Flexibility

Will we continue to enjoy the same kind of workplace flexibility we currently have with management after we form a union?

Answer:  A union can actually enhance flexibility in a number of ways.  After an election, work rules that are already treated flexibly at MGB must remain in place unless changes are agreed to by all parties.  During the pre-contract phase, there's nothing to keep union members and management from agreeing to new policies to improve workplace flexibility.  In our contract, we can also bargain for additional policies that increase flexibility and other workplace benefits.

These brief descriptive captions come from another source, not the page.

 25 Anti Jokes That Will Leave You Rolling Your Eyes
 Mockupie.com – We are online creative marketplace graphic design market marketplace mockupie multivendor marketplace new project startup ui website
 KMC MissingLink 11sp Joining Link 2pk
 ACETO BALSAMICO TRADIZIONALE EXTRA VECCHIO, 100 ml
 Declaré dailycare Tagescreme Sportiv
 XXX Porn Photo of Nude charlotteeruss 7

One important point in labor law is that pre-existing practices at an institution must continue after a union certification unless management or our union proposes new changes that are agreed to by the new union membership.  If the pre-existing practices have historically included the willingness of management to be flexible around certain aspects of work then they must continue to be honored. These might include, for example, allowing physicians to modify their schedules when needed to attend to personal matters, discussion about ways to improve workflow and teamwork, etc., assuming these sorts of arrangements have historically been allowed at the workplace.

Whereas in the past employees would have typically no legal leverage to prevent management from adopting an unpopular new policy, after an election filing all new policies directly affecting our work, and changes in such existing policies, must be negotiated.  Nothing prevents both sides from agreeing to new policies that they both support, which could include such things as salary increases and other matters, or even new policies that promote more flexibility.

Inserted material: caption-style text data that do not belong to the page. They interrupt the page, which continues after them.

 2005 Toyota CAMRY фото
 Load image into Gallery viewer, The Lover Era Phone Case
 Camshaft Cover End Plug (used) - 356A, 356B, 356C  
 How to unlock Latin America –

One way in which this aspect of labor law is sometimes obscured by management during a union campaign is around the language of “direct dealing.”  This language aims to ensure that the new union membership has a right to decide democratically whether to adopt any new proposals.  Management is not allowed to make sweetheart deals behind closed doors with individuals in a way that excludes the rest of the membership from participating.

Management sometimes frames this to say that unionization will bring an end to the institution’s open door culture and the ability to be flexible with employees.  For instance, in the Salem Hospital campaign, MGB implied in communications with staff that the law around direct dealing prohibited them from offering “individual flexibility, scheduling changes, and the like.”  This would be false if they were speaking of the types of flexibility that were already allowed at the workplace.

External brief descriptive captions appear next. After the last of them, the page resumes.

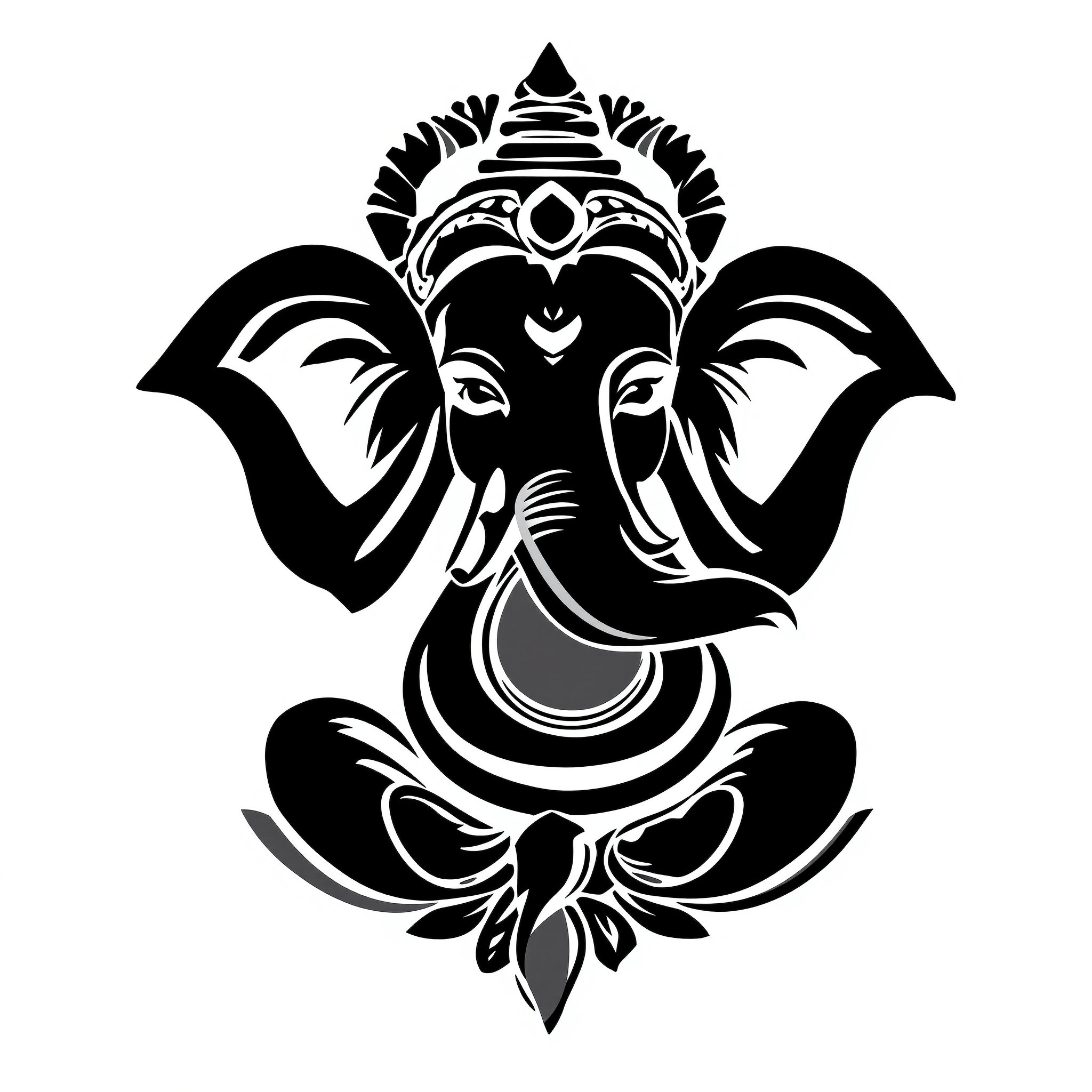 04-ganesha-plotter.png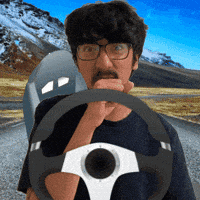 100Mph GIF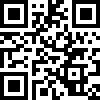 https://qudsonline.ir/xcg9j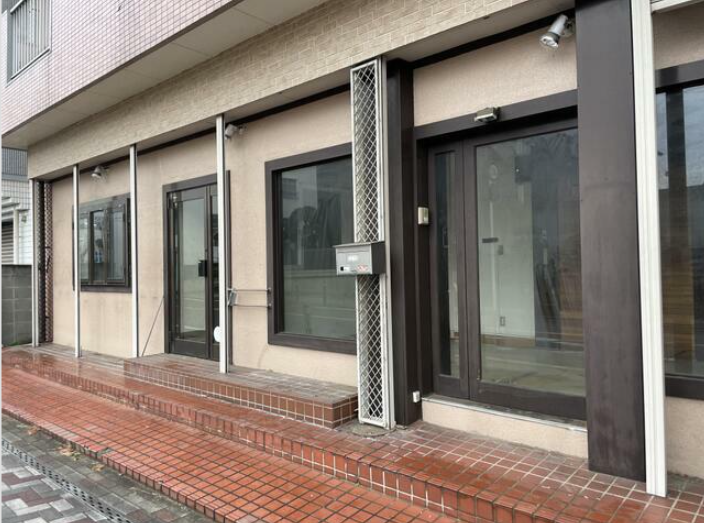 fresh/building/J00100635651_1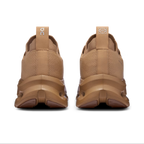 On Cloudtilt X LOEWE "DARK SAND"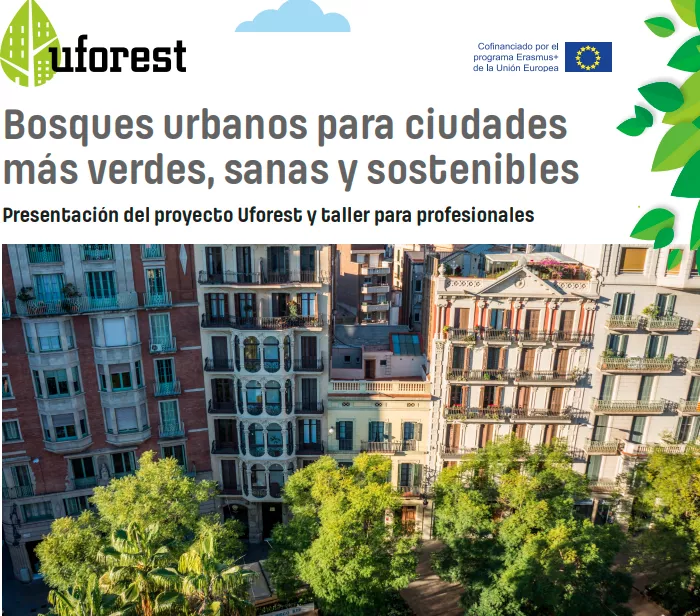 CARTELL PRESENTACIÓ JORNADES 3 i 4 de Maig.png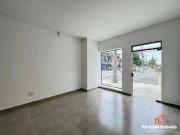 Conj. Comercial / Sala para Locação em Joinville/SC Centro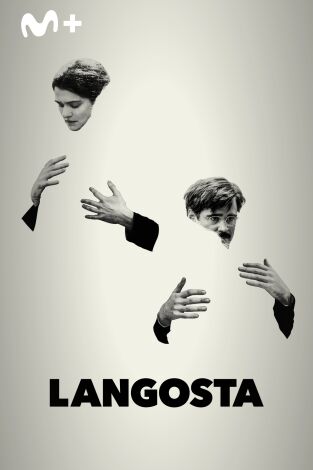 Langosta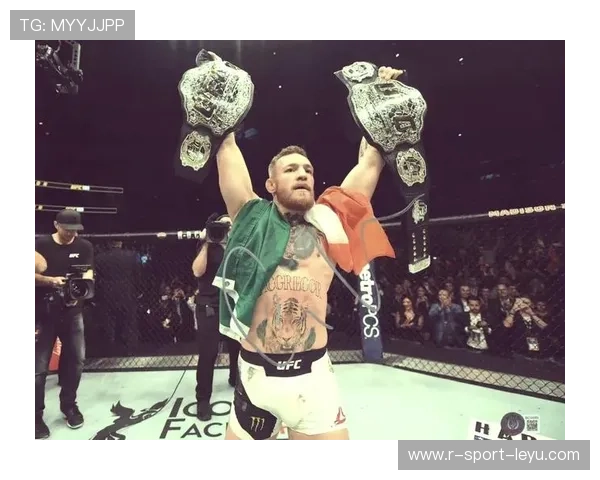 UFC力量与速度综合训练提升:开启终极格斗战斗力 UFC力量与速度综合训练提升:开启终极格斗战斗力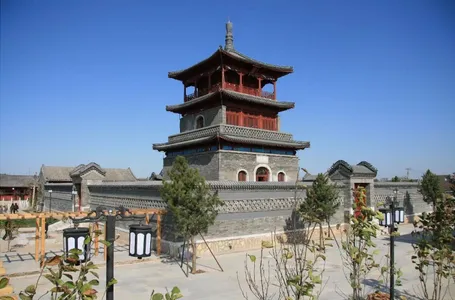 ʤ�����ӻ�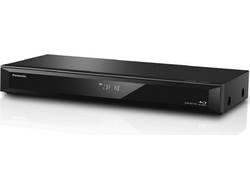 Panasonic DMR-BST760AG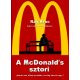 A MCDONALDS SZTORI (Ray Kroc)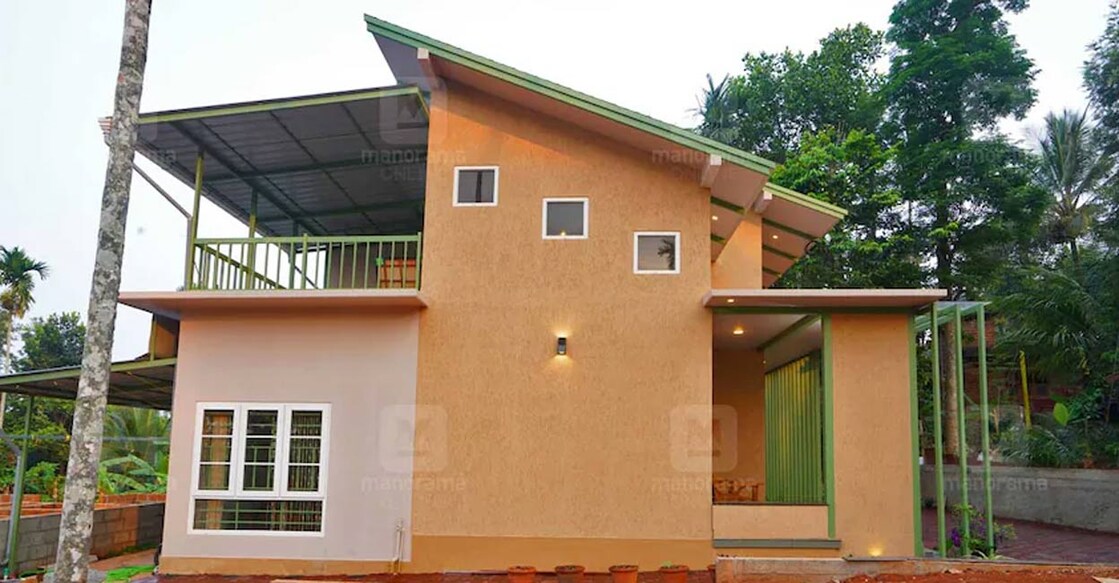 house-rehabilitation-02-c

A second way that flexibility can be promoted by unionization is through the inclusion of a grievance process in collective bargaining contracts, which gives employees a way to settle disagreements with managers in potentially new and flexible ways.  Under a grievance procedure, several steps could be followed, including a casual discussion among a physician and a supervisor, a more formal meeting among physicians, HR, and union staff, and even involvement of an independent arbitrator. 

Thirdly, some groups have used the collective bargaining process itself to codify flexible practices.  For example, a Doctors Council provider group in MN negotiated language in their contract that made it easier for them to get clarity and consistency around adjustments in their FTE.